Since the repeal of the Fixed Term Parliament Act, the House of Commons cannot bring down a government as the decision to hold an election exclusively belongs to the Prime Minister. Even a vote of confidence or a budget defeat, previous triggers, would not cause a shameless government to resign and go to the country.

We should note that under Queen Elizabeth (II) every potential use[2] of the royal prerogative requested she has taken the advice of the Prime Minister; it would seem they wish to depoliticise the monarchy over these government forming, uber-political powers presumably to maximise their survival chances. I believe it is highly unlikely that she would fire a Prime Minister even if they lost a vote of confidence.

We may have developed a constitution where a Prime Minster is accountable to no-one, except possibly their own Party’s recall mechanisms. This was predicted, among others, by Lord Hailsham, a Tory Lord Chancellor when criticising the Callaghan Government (76-79), probably over nationalisation.  It was also predicted by De Toquville, when he coined the phrase, the Tyranny of the Majority.


Johnson’s administration proves what everyone knew, that the British Constitution only worked while politics was a monopoly of gentlemen. Firstly none of the controls are law, they are all based on conventions and Parliamentary Sovereignty means that they are not permanent. (The recent habit of once prohibited retrospective legislation and emergency parliamentary/legislative schedules also strengthens a Govt. and thus a Prime Minister’s hand.) But secondly, it’s the shamelessness of Johnson and his Government which is the danger to democracy.

The US Constitution seeks to embed a separation of powers and  an inertia against change. In the US, the judiciary can act as a brake on the actions of an ambitious and corrupt executive because they have a basic law, a written constitution. The US Constitution was amended 4 years after it was ratified  introducing the Bill of Rights, guaranteeing to citizens specific protections against the state. Japan & Germany had their constitutions rewritten after WW2 and both had entrenched commitments to human rights written into them. Human Rights and a basic law are now common place and must be considered one of the foundations of democracy.

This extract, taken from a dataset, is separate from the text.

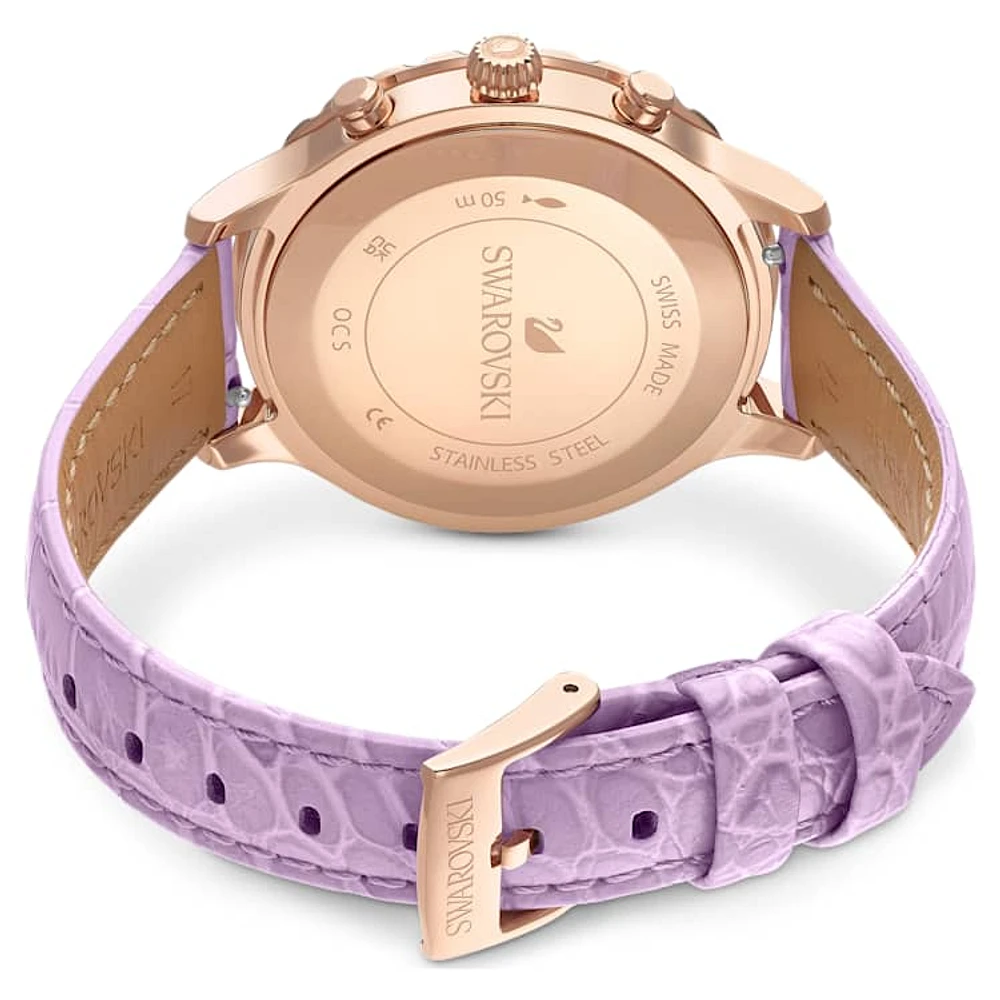 Octea Lux Chrono watch, Swiss Made, Leather strap, Purple, Rose gold-tone finish by SWAROVSKI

It fascinates me that other constitution that one might consider as similar to that of the UK is Iran, which has a seemingly almighty supreme leader with massive powers of patronage; in my second brief review of the Iranian constitution, (Medium) I came to the conclusion that the British Prime Minister was more powerful than the Iranian President and this was before Johnson’s ultimately unsuccessful attempt to prorogue Parliament to stop it holding the Government to the law.

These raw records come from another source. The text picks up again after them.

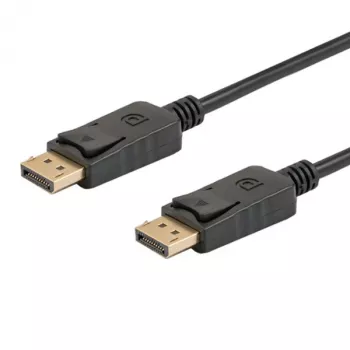 Cabo DisplayPort SAVIO CL-136, ficha DisplayPort–ficha, 2 m, DP 1.2, contactos dourados, preto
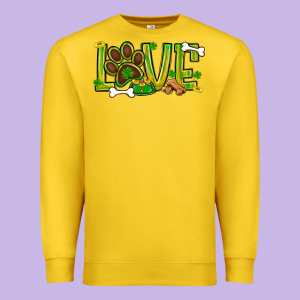 St. Patrick's Day Love Dog Paw Premium Sweatshirt Designed By Bundleandbundleshop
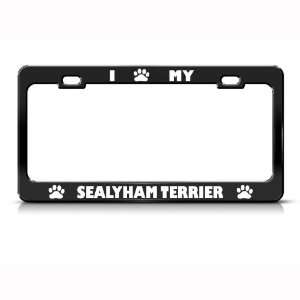 Sealyham Terrier Dog Dogs Black Metal license plate frame Tag Holder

Human Rights a basic law i.e. a written constitution superior in authority to the parliament and an independent judiciary are now common place and considered one of the foundations of democracy. The UK is protected neither by a constitution nor by a Human Rights guarantee, it has none of these protections and Brexit, involving the exit from the Charter of Fundamental Rights weakens what we had.

Is it worse under Johnson? The short answer would seem to be “Yes”. Since the election, there have been number of breaches of the ministerial code and statute legislation, involving money, influence, vote buying or plain personal convenience. See also my posts ( Medium | Blog ).  This growing corruption would seem to be a mandatory corollary of ‘strongman’ government, a growing worldwide phenomenon  which is challenging democracy (Medium | Blog) in too many places. The countervailing forces of a strong civic society, and a free and independent press are also missing in the UK as for too long we have permitted press publishers to write their own regulation.

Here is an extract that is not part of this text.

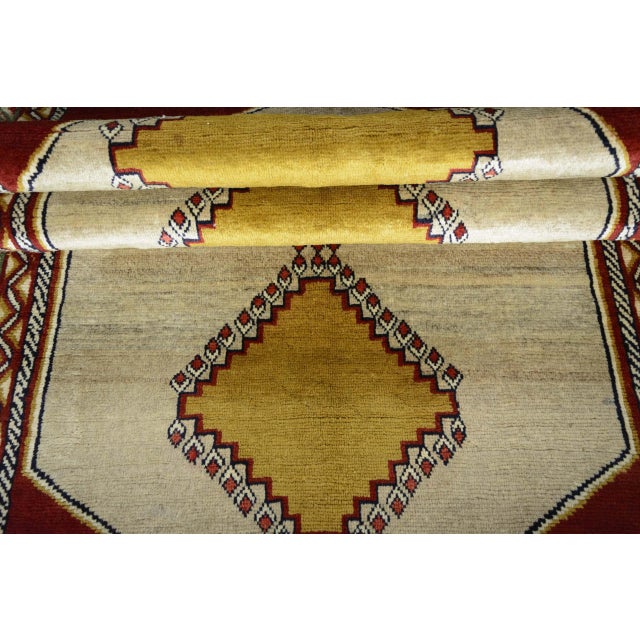 Beige Hand-Knotted Gabbeh Qashghai Rug For Sale - Image 8 of 11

We have no basic law/constitution, nor it would seem today a police force willing to pursue wrong doing in Whitehall.


[1] It was told by the High Court that they could not instruct a rerun because the referendum was legally made to be advisory but was criminally flawed.

[2] The 1974 and 2010 transitions, and the 2019 prorogue, maybe lessons learned from the Suez crisis although it seems hard to believe that the crisises for the monarchy during her reign have been replays of the Edward VIII, marriage and divorce.